In 2011-12, CPCL reported a sharp dip in the net profit to Rs.61.83 crore as against Rs.511.52 crore in 2010-11. But for a refund of Rs.276 crore received from Income Tax Department on account of exemption of profit under Section 80 IB of Income Tax Act for new undertaking for previous years, even this would have been wiped out.
Total income for the full fiscal went up to Rs.40,807.86 crore as against Rs.33,141.32 crore.
Dividend
The company will pay a dividend of Rs.2 per share.
Constraints at port
The profit before tax was negative at Rs.158 crore on account of various factors. One of the main factors, the release said, was the higher freight expenditure of around Rs.192 crore due to transportation of crude oil in smaller Afra Max vessels instead of regular Suez Max vessels as Chennai Port Trust discontinued berthing of bigger vessels citing infrastructure constraints at the port.

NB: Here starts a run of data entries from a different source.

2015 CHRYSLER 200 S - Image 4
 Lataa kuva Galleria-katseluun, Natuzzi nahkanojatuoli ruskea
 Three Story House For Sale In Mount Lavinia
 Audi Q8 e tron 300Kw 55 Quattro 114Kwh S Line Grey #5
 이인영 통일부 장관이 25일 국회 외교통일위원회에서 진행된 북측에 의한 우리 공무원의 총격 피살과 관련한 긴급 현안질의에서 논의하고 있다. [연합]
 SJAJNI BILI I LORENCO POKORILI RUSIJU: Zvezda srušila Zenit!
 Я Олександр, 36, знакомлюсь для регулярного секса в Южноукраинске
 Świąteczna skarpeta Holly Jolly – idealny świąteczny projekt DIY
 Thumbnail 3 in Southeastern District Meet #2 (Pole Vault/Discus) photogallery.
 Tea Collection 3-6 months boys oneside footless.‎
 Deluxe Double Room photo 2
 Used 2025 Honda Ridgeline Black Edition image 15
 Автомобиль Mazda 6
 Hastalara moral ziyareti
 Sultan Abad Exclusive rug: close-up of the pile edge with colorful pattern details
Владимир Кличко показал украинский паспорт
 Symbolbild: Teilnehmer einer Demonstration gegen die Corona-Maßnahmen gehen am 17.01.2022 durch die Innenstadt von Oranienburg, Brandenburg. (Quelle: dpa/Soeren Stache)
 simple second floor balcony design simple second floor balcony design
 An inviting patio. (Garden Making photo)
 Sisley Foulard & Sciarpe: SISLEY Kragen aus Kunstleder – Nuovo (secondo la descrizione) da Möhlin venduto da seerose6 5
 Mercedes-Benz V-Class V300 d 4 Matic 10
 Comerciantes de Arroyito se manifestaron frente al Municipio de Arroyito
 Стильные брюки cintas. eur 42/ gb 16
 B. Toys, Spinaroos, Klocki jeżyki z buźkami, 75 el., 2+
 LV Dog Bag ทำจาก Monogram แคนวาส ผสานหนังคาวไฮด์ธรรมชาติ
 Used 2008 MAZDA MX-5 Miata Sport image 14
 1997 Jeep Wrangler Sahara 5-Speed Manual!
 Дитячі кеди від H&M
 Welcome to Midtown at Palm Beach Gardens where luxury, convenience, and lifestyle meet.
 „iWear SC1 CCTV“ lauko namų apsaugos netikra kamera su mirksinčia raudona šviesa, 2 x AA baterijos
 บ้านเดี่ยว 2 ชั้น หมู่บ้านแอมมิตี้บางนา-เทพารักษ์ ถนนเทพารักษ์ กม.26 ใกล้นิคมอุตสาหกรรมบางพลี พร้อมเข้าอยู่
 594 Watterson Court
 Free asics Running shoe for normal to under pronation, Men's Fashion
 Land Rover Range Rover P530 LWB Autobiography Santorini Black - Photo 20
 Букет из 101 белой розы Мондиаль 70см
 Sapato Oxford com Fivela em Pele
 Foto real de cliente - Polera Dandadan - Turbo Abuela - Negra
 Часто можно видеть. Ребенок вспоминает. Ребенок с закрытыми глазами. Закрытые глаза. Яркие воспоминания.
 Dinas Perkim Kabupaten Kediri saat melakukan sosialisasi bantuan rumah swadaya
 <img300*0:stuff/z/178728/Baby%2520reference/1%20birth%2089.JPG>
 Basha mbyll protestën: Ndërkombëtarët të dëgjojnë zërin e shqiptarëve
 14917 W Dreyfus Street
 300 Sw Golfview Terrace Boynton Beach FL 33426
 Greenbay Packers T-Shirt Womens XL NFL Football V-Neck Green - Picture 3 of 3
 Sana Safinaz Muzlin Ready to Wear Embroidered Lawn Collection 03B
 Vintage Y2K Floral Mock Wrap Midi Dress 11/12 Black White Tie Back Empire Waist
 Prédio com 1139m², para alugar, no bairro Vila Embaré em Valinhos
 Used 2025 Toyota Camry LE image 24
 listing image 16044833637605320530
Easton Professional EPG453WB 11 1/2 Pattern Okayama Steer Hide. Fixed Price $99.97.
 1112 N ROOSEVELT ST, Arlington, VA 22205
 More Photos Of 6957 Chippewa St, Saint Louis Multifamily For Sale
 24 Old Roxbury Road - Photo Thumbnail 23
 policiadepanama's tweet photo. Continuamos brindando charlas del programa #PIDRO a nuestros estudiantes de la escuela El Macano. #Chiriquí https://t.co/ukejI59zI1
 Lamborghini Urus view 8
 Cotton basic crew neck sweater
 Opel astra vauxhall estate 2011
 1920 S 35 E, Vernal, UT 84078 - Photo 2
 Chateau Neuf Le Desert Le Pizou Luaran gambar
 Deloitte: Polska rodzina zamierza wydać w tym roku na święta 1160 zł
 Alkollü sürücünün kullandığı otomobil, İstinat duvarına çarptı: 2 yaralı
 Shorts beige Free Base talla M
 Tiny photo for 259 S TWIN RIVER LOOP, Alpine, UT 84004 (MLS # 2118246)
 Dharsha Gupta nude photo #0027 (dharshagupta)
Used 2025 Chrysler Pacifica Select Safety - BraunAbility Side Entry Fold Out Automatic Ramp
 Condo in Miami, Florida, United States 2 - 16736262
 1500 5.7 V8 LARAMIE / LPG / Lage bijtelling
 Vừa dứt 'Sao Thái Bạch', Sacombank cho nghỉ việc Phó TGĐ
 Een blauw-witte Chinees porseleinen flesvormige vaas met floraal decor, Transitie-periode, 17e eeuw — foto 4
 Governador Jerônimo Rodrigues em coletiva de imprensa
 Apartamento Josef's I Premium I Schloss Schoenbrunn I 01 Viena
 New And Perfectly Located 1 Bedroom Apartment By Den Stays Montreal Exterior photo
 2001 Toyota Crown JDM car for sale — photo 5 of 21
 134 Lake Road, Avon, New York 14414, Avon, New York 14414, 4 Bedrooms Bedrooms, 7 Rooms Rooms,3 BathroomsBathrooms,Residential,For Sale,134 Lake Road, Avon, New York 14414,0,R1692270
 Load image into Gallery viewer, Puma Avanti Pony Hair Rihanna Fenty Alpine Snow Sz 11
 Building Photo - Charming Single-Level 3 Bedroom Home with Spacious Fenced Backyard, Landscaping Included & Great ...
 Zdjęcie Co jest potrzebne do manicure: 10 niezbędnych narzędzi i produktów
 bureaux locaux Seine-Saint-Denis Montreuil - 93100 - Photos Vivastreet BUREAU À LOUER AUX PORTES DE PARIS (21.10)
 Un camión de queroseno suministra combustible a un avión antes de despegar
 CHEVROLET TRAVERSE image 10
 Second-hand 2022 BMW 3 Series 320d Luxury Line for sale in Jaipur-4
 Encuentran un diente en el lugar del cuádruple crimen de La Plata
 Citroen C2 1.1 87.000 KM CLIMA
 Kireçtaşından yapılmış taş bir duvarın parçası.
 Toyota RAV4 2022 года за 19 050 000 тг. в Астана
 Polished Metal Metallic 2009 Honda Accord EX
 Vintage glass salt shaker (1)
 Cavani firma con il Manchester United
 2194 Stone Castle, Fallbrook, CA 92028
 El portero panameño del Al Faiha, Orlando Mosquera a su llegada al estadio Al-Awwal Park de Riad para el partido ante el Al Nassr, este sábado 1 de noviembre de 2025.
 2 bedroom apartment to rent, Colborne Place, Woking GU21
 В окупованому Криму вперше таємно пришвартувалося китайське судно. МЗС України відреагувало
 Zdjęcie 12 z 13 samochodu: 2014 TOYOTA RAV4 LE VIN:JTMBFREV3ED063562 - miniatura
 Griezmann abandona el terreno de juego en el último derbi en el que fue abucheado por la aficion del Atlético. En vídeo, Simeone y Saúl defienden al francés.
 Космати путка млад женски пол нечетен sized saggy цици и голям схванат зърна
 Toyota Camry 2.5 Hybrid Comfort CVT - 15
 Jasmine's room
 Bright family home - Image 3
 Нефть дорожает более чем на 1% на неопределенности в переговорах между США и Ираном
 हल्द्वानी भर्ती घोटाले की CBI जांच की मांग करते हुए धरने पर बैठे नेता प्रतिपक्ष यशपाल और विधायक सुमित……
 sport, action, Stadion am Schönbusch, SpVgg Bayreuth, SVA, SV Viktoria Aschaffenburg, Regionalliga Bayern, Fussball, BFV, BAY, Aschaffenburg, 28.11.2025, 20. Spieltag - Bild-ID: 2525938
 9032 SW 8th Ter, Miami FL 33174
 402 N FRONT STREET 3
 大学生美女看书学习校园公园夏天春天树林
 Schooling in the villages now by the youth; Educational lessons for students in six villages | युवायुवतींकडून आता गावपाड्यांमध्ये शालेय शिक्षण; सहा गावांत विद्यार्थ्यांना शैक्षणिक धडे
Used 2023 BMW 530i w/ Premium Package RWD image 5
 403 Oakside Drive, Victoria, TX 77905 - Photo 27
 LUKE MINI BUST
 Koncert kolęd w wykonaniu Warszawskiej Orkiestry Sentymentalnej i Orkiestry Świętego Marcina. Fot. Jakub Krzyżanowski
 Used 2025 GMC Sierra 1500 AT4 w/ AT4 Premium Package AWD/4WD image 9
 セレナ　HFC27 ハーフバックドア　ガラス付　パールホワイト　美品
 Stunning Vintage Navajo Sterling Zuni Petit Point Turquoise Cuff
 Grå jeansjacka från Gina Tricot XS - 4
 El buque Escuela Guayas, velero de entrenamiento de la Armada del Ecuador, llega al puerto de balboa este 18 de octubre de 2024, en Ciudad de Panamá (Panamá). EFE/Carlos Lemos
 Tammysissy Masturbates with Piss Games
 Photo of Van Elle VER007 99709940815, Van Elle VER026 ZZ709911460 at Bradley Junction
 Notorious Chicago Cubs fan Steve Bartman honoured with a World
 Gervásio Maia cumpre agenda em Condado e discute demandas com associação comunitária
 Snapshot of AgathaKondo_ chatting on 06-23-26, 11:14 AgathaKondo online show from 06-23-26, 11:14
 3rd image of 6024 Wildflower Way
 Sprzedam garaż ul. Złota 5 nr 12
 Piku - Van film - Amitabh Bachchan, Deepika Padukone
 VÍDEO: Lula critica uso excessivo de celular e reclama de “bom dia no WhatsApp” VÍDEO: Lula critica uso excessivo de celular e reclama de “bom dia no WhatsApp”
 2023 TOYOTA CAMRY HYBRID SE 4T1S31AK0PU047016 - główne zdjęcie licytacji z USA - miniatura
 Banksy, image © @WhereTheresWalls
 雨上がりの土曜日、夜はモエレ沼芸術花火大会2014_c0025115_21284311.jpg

CPCL achieved a gross refining margin (GRM) of $4.16 per barrel for 2011-12, as against $ 5.38 per barrel for 2010-11. For the quarter ended March 31, 2012, the GRM was $ 4.46. Apart from the crude oil prices, which remained well above $ 100 per barrel, unplanned shutdown of process units during power disturbances, low throughput operation during cyclone Thane also contributed to lower margins.
The crude throughput in 2011-12 was 10.56 million tonnes as against 10.75 million tonnes in the previous fiscal. As a step towards widening the crude oil basket, CPCL processed three new imported crude — Espoir from Ivory Coast, Essider from Libya and Palanca blend from Angola.